The National Cattlemen’s Beef Association recently filed a petition with the Food Safety Inspection Service to eliminate the use of the Product of the USA label and other broad US origin labeling claims for beef products. The comment period for the petition closed on 17 August.

“We have taken note of the many comments submitted to USDA and the [Federal Trade Commission] regarding meat labeling and understand that the current ‘Product of USA’ label on meat products may no longer effectively serve either of those purposes, to the detriment of consumers, producers, and fair and competitive markets,” Vilsack said earlier this summer after stating USDA would be taking a closer look at the label.

Over 250 people submitted comments on NCBA’s petition, which called for the elimination of the broadly applicable “Product of USA” label and the creation of a new “Processed in USA” label.

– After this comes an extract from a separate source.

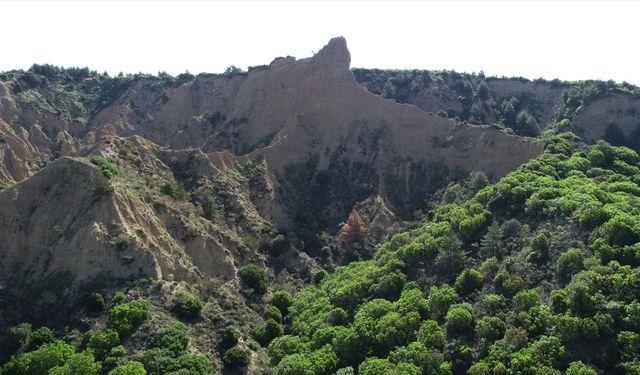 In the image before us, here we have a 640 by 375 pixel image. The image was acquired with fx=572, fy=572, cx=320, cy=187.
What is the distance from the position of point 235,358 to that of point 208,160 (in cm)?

Beyond precluding a specific misleading practice NCBA believes this can be accomplished voluntarily without the imposition of new regulatory requirements on the beef supply chain.

Further, NCBA’s petition notes USDA through the Agricultural Marketing Service should proactively work with beef producers, processors and retailers to develop voluntary, verifiable origin marketing claims that deliver tangible benefits to cattle producers without violating rules of trade.

NCBA’s petition notes that “USDA can play an important leadership role in providing producers with more robust opportunities to utilize true marketing claims to further differentiate their products and gain more leverage in the supply chain.”